Par contre, ce que je sais, là, maintenant, c’est que je m’éclate un peu plus tous les jours. C’est une drôle de sensation, j’imagine que c’est un peu similaire au mec qui sort de prison : il est libre, mais dans sa tête il ne connait plus que la prison, donc il a un peu de mal à se laisser aller, il voit des barreaux quand il marche, il voit des barreaux quand il dort.

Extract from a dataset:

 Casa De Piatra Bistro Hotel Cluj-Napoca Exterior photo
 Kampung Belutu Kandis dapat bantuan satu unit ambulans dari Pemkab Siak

Et bien, mes barreaux, ils commencent à disparaître de mon champs de vision. Déjà, je suis beaucoup plus créatif, je le sens. Je marche dans la rue et j’imagine les arbres se transformer en toboggans géants, poussant vers l’espace, s’enfonçant, grossissant, l’écorce explosant, faisant pousser tout plein d’autres arbres, les maisons se transformant en champignons.
Besoin de musique ? Le ciel devient ma boite de nuit. Une trompette par ci, une guitare par là.

Pour beaucoup de gens, ça parait idiot, mais moi c’est ça qui me fait plaisir, voir les maisons se transformer en champignons.
Pour la première fois depuis un moment, depuis mon enfance je pense, j’ai cette insouciance qui ressurgit. Je m’en branle. Total.
Après les barrières, après les mensonges et les chantages, je me sens voler. Contrairement à la propagande, aucun rayon laser ne m’a touché et aucune tempête ne m’a noyé. Ça n’a pas toujours été facile, et c’est toujours pas facile, mais paradoxalement, c’est pas ce que je fais qui est difficile, c’est apprendre à vivre en dehors des barreaux qui l’est, c’est apprendre à voler, c’est dire à mon cerveau “tu vois tes membres atrophiés là ? T’en avais pas besoin jusqu’à ici, mais là il faut voler, donc oh grande plasticité universelle abracadabra”. Le reste, c’est de la rigolade. J’ai plus stressé dans ma vie en bégayant pour demander une baguette de pain qu’en parlant devant 300 investisseurs.

Petit, je me reconnaissais dans l’insécurité des super héros : pas dans Spiderman, pas dans Superman, mais dans Peter Parker, dans Clark Kent.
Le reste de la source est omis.